The Tucson Mural Quest, round 3 - Winterlude 2020 - CycleBlaze

February 1, 2021

The Tucson Mural Quest, round 3

Over our morning coffee we review the forecast for the coming days and make some plans.  Fortunately our cruel winter storm is behind us and we’re back to a string of warm, sunny days extending past the right side of the 15 day projection.  This is more like it!

Tomorrow looks like a good choice for climbing Mount Lemmon, so we decide to take it easy today in preparation.  I’ve got a list of murals scattered around town that I’d like to see, so I map out a complicated route that ropes them in and looks perfect for a leisurely day: 28 miles, flat, with frequent stops.  Rachael’s not sure what she’s planning, but she promises to take it easy herself.

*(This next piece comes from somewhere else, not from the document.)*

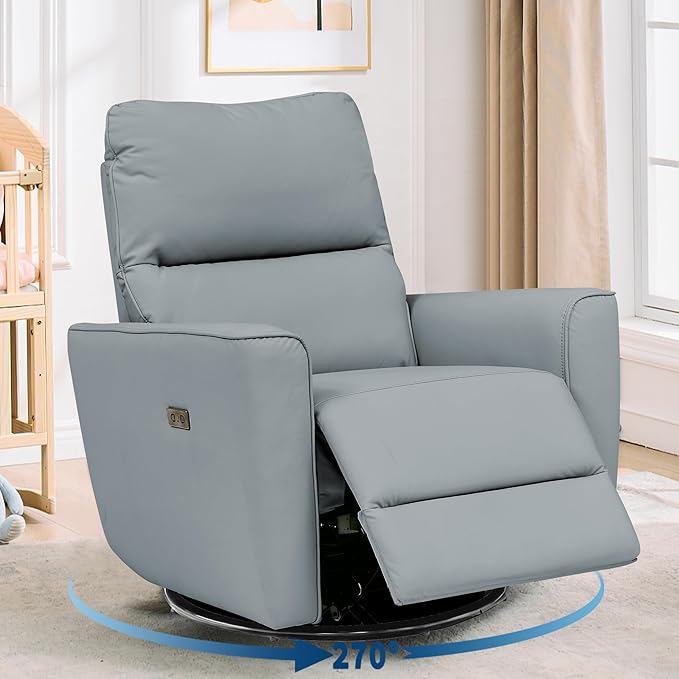 GarveeHome Power Recliner Chair Swivel Glider Upholstered Faux Leather Nursery Rocker Reclining Sofa Chair with Charging Port, Curved Armrests & Padded Backrest (Light Gray)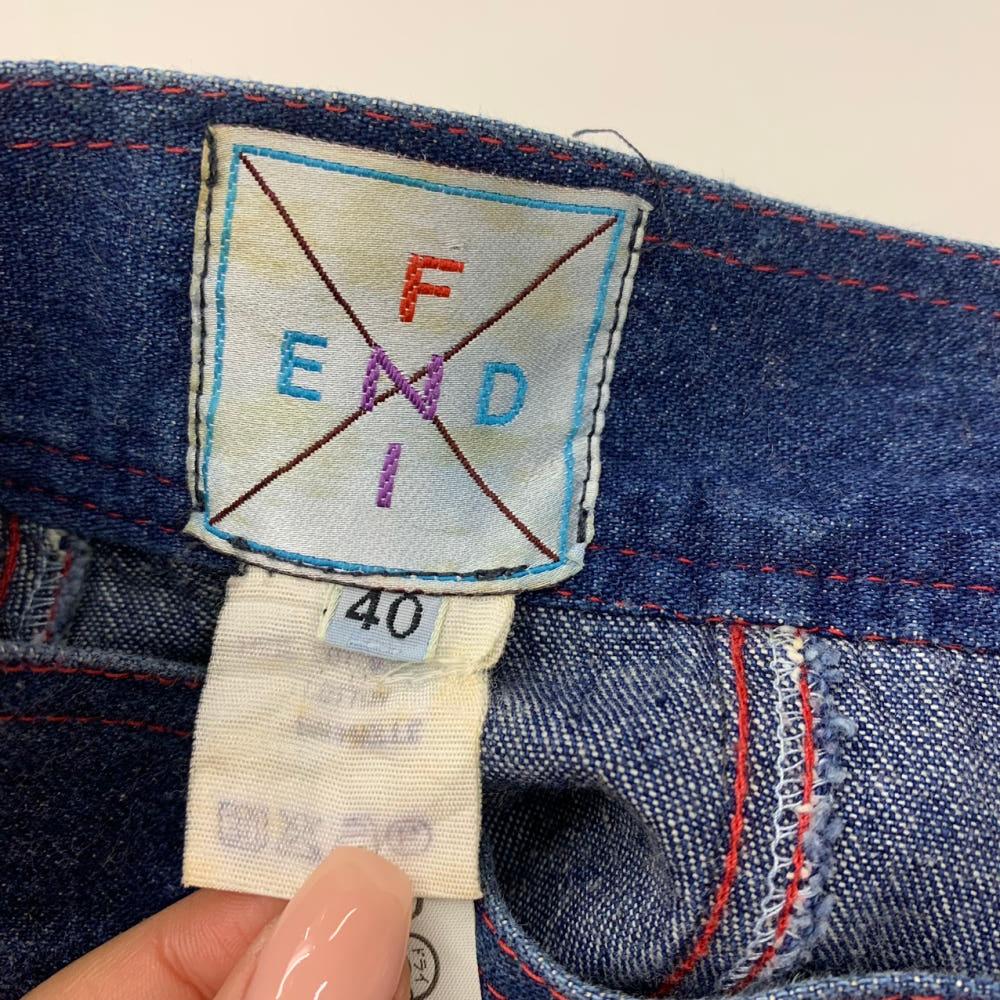 (중고)Fendi 펜디 90‘s 데님 레드 패치 절개 롱 스커트 9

When we’re both home later in the afternoon, we find we’ve each fudged a bit.  Rachael headed off to the northwest somewhere and came back with 42 miles to her credit, as I secretly knew she would.  At least though she claims she didn’t push herself.

I went further than I had planned also.  When I reached the northernmost murals on my list, I decided to return south by swinging around the northwest corner of the Loop rather than returning south on city streets.  I was feeling strong (of course, since I’d been enjoying a tailwind so far), so I thought I could afford some extra distance.

I returned home and claimed 43 miles for my efforts.   That’s three straight days now where I’ve biked further than Rocky has, if memory serves.  I think it’s time to have a conversation about this.  I’m getting tired of carrying the team.  It’s about time she started pulling her weight again, don’t you think?

The plan for each of us today is to take a fairly easy ride, with the thought of resting up before climbing Mount Lemmon tomorrow. Looking up there now though, I wonder - there’s still quite a bit of snow hanging on at the top.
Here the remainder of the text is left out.